We've even done some work with the Channel 4 On Demands (4oD) back catalogue, taking 10,000 hours of television archive and making it accessible through a Facebook Connect platform,
Test Tube Telly. Go and have a play, see what you're friend are watching and share your thoughts on it all.
However, Charlie's point about Krishnan, that "if it gets any bigger then it becomes email", shouldn't be an 'if'. It will happen.
Ray Kurzweil's anatomy of exponential growth tells us it will become bigger, a lot bigger (until 2020, at least), and therefore it almost certainly becomes another form of email: something to avoid on holiday, something to ignore wherever possible.

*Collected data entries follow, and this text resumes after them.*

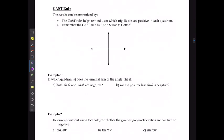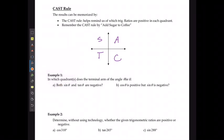We memorize this using what we refer to as the CAST rule. Starting in quadrant 4 and going counterclockwise, it spells out CAST. You can do the same thing by starting in quadrant 1 and going clockwise using the phrase 'add sugar to coffee.' This tells us quickly which ratios are positive: in quadrant 1 all are positive, in quadrant 2 sine is positive, in quadrant 3 tan is positive, and in quadrant 4 cosine is positive.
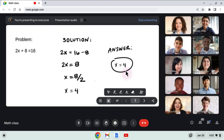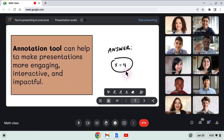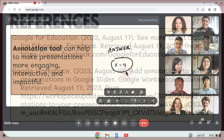This tool can help teachers, students, and other Google Slides and Google Meet users make presentations more engaging, interactive, and impactful.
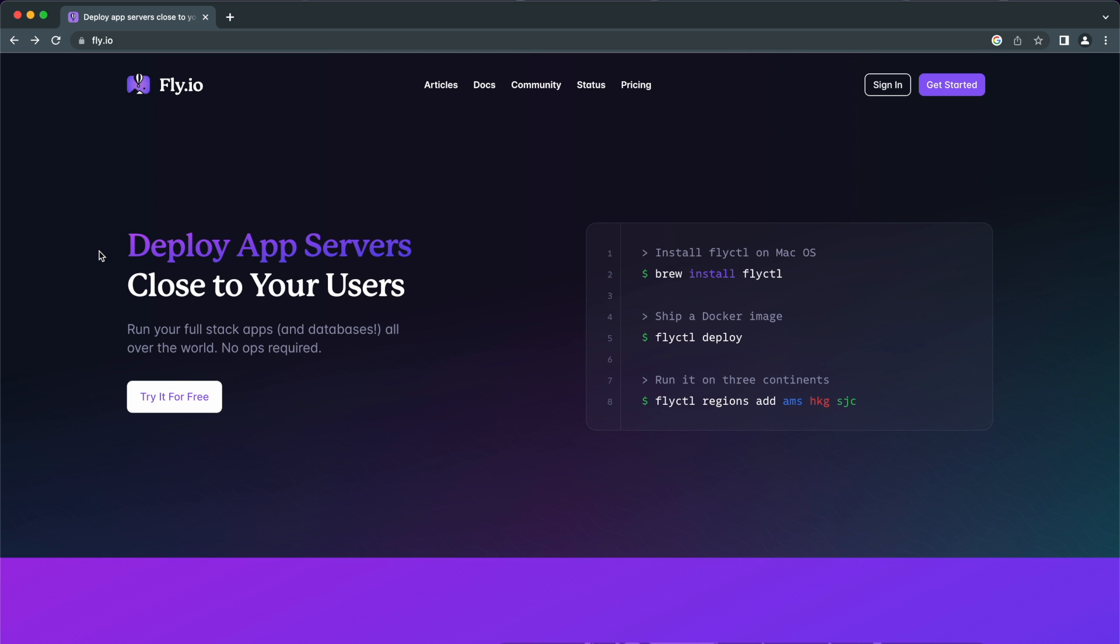That's all it takes to deploy your app to fly.io. Of course for more complex apps it might require some additional steps, but the process is the same and this is a good starter to start deploying on fly.io. Thanks for watching and subscribe for weekly videos.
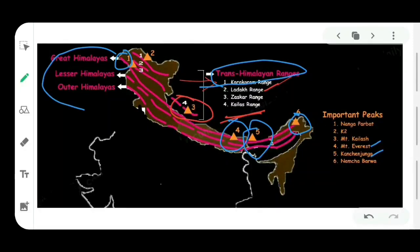There are also many other important peaks situated in the Greater Himalayas, such as Nanga Parbat, Namchabarwa, Makalu, Dhaulagiri, and others. There are also many important mountain passes, for example Shipki La Pass, Nathu La Pass, Zoji La Pass, and Baralacha Pass.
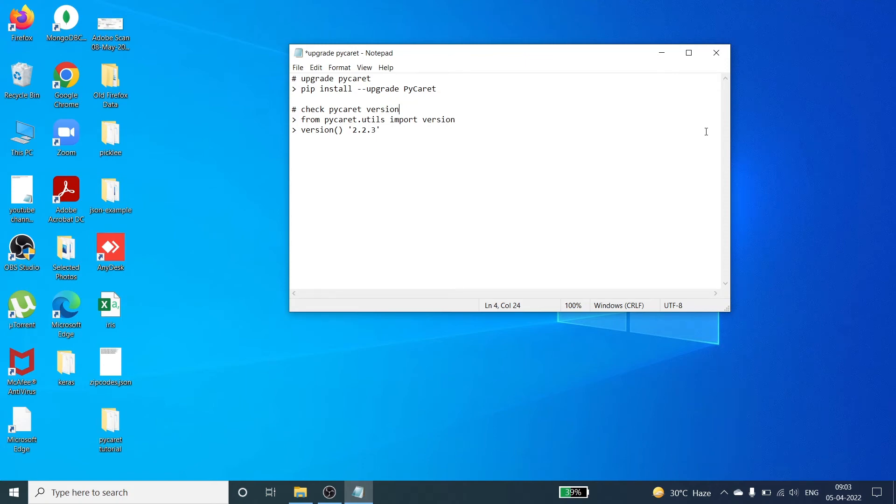In this video I will show you how to upgrade PyCaret. There are two steps. The first step is to call this command: pip install upgrade pycaret. In the second step we will check the version of our new pycaret.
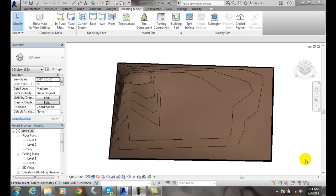Creating a toposurface subregion. In Revit architecture, we can create subregions, and these subregions are used for making different types of materials such as a parking lot, a sidewalk, or a patio, so we can have them separated.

The same thought came to me recently as I was having a bit of bother getting my new home fitted out with a telephone and broadband line. Being a new house, we had been warned by the building site manager that British Telecom would not want to send out an engineer because, from their call centre, the home would appear connected when, in fact, it wasn't. Insist on the engineer, he said. An engineer was en route until the very last evening before he was due to appear. That evening I wasn't at home, invited instead to an the weirdest dinner I've ever had (a
perfume dinner) and ended up sat alongside JP Rangaswami,
Confused of Culcutta, one of my blog heros and, as chance would have it, Managing Director of BT Design at British Telecom. He assured me it was easily sorted and that, if I had any problems, I would just have to send a tweet to
@btcare and he and his colleagues would sort it out.
I did have problems.
@btcare and
@jobsworth did sort it out. Really quickly. Really nicely.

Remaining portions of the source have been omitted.